Citation: 2005 FC 1704

OTTAWA, Ontario, this 16th day of December, 2005

PRESENT:    THE HONOURABLE PAUL U.C. ROULEAU

BETWEEN:

BEENA CHRISTOPHER

Applicant

and

THE MINISTER OF CITIZENSHIP AND IMMIGRATION

Respondent

REASONS FOR JUDGMENT AND JUDGMENT

[1]                 This is an application for judicial review of a decision by the Refugee Protection Division of the Immigration and Refugee Board (the "Board") dated December 20, 2004, in which the Board found that the applicant was not a Convention refugee or a person in need of protection under sections 96 and 97 of the Immigration and Refugee Protection Act, 2001 S.C. c. 27 (the IRPA). The Board found that the applicant, Beena Christopher, lacked credibility. The Board also noted that the applicant has failed to disprove the presumption of state protection in Pakistan and further found that the applicant has a valid Internal Flight Alternative ("IFA") in Karachi or Youngsonabad.

[2]                 The applicant, Beena Christopher, is a 44 year old citizen of Pakistan. The applicant claims refugee protection on religious grounds, as she is a Christian Evangelist who fears persecution in the form of risk to life or risk of cruel and unusual treatment or punishment, if she were to return to Pakistan.

[3]                 The applicant alleges she has received threats in Lahore, Pakistan due to her Christian faith. She claims she healed a woman from a Muslim family in October 2003, and was subsequently targeted by the husband of the healed woman. The applicant claims that the woman's husband was a Muslim fundamentalist.

[4]                 The applicant alleges that the family of the healed woman broke into her home carrying pistols; that she was threatened by the woman's husband, who told her to stop practising and preaching Christianity and to stay away from his wife.

[5]                 After the incident, the applicant returned to her native village of Youngsonabad.

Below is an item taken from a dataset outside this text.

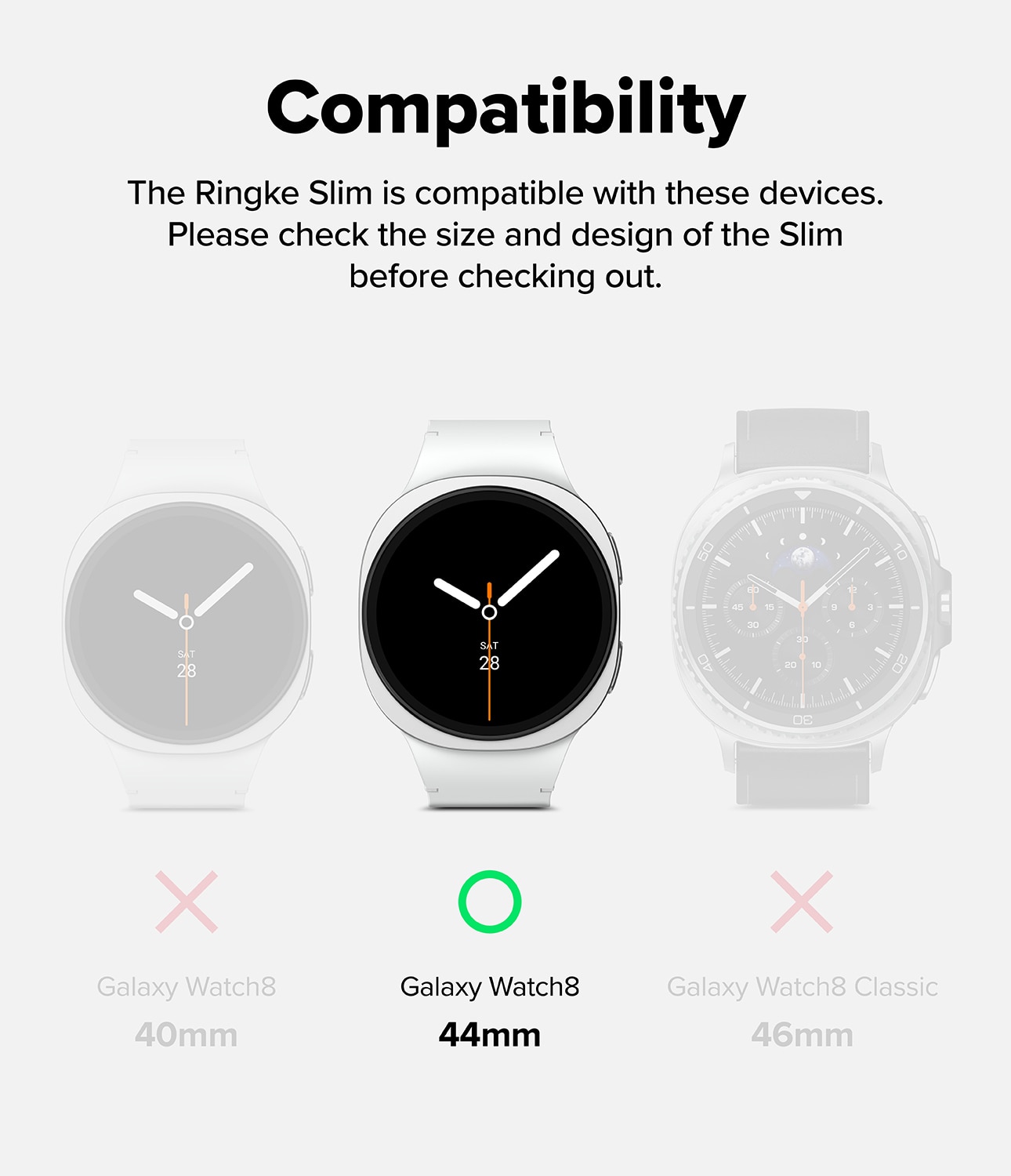 Coque Slim (2 pièces) Samsung Galaxy Watch 8 44mm, Matte Black & Clear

She noted in her Personal Information Form ("PIF") that Youngsonabad is a Christian village, and she felt safe there.

[6]                 The applicant applied to come to Canada in October 2003 to donate a kidney to her brother who had suffered a complete kidney failure in November 2002. She applied for a visa, together with her husband and daughter, and the visa was refused. She re-applied, just for herself, and received a visa. She left Pakistan in April, 2004.

[7]                 Prior to leaving, the applicant claims she returned to her home in Lahore, accompanied by her husband, to pick up some belongings; that she was once again confronted by the healed woman's husband, who threatened her life, along with that of her husband and daughter. The applicant alleges shots were fired into the air, and, as a result, the police were called. She alleges the police stated they would not interfere in religious matters and refused to file a report or complaint.

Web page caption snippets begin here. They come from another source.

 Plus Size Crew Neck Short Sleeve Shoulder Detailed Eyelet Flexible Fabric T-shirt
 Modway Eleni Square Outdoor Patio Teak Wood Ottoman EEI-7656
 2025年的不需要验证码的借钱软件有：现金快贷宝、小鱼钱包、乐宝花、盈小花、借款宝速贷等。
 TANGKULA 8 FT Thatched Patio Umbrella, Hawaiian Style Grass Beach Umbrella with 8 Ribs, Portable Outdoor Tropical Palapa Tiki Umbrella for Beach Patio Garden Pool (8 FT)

[8]                 The applicant left Pakistan on April 16, 2004 and visited her sister in Qatar before arriving in Canada on April 26, 2004. On November 9, 2004, the Board gave oral reasons for dismissing the applicant's claim for refugee protection. The Board's decision is contested in the present application.

[9]                 The Board found that the applicant was not a Convention refugee or a person in need of protection.

[10]            The Board found that the applicant was not a credible witness, in that there was a significant omission from her PIF. In oral testimony, the applicant alleged that she and her daughter were threatened with kidnapping; in her PIF, there is no mention of the threat of kidnapping. The Board asked the applicant if she considered the threat of kidnapping a significant event, and she answered in the affirmative. The Board noted that the omission of the kidnapping threat from her PIF, as a significant event, impugns the applicant's credibility.

[11]            With respect to subjective fear and credibility, the Board found that the applicant does not have a significant profile to be considered a Christian activist. The Board notesd that the applicant does not have a congregation or a church and found that the applicant does not have the profile she alleges. The Board further found that the alleged profile further impugns the applicant's credibility.

[12]            The Board then turned its attention to the issue of state protection. The Board found that the applicant had not rebutted the presumption of state protection set out by the Supreme Court of Canada in Canada(Attorney General) v. Ward [1993] 2 S.C.R. 689. The Board also noted that the Federal Court of Appeal's decision in Canada (Minister of Employment and Immigration) v. Villafranca (1992), 99 D.L.R. (4th) 334 (FCA) sets out the idea that protection need not be perfect, but needs to make serious efforts to protect its citizens.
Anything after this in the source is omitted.